Court’s principal trainer at CIA, a man he knew only as Maurice, used to say a mantra over and over, so often Court now heard it in Maurice’s gravelly voice. “You can run, but if you can’t run anymore, then you can hide. You can hide, but if you can’t hide anymore, then you can fight. There is nothing after the fight, so you fight until there is nothing.”

Court couldn’t run anymore, and he couldn’t hide anymore, so he came back to fight. To attack into the threat, to get answers and to get closure.

He knew he would not be leaving D.C. without a resolution to this nightmare.

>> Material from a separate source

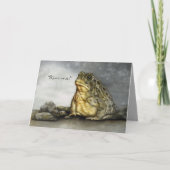 Humour Mr Toad Birthday Card Karte (Vorderseite)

Either he would uncover the CIA’s motives behind the shoot-on-sight sanction against him and somehow end the sanction, or else he would die trying.

He had come up with a working theory as to what this was all about. At the beginning of Court’s career with the CIA he had been part of a small initiative called the Autonomous Asset Program. He and several other young men like him had been given individual instruction by a cadre of the CIA’s best operations officers, and then they had been sent into the world, allowed to run solo ops, tasked with difficult, deniable missions, and left, in large part, to their own devices.

The program was disbanded, Court was folded into another unit, and other than the fact that he had been given better solo training than the other CIA Special Activities Division men, the Autonomous Asset Program was behind him.

But Court had just found out the previous month that he was the last man alive from this entire program. Seventeen other young men had all been killed in the intervening years and, by necessity, Court himself had killed the only other remaining singleton asset out there.

Court saw it clearly now. For some reason the CIA was erasing anyone who had been in AAP. All the others were gone.

And now it was down to Court Gentry. The last man standing.

What he did not know was why.

He could reveal what he knew about the program and the termination order for the assets, but first he needed proof. Without proof—if he just called up the New York Times and told them what he suspected—he’d be considered a crackpot and there would be no story.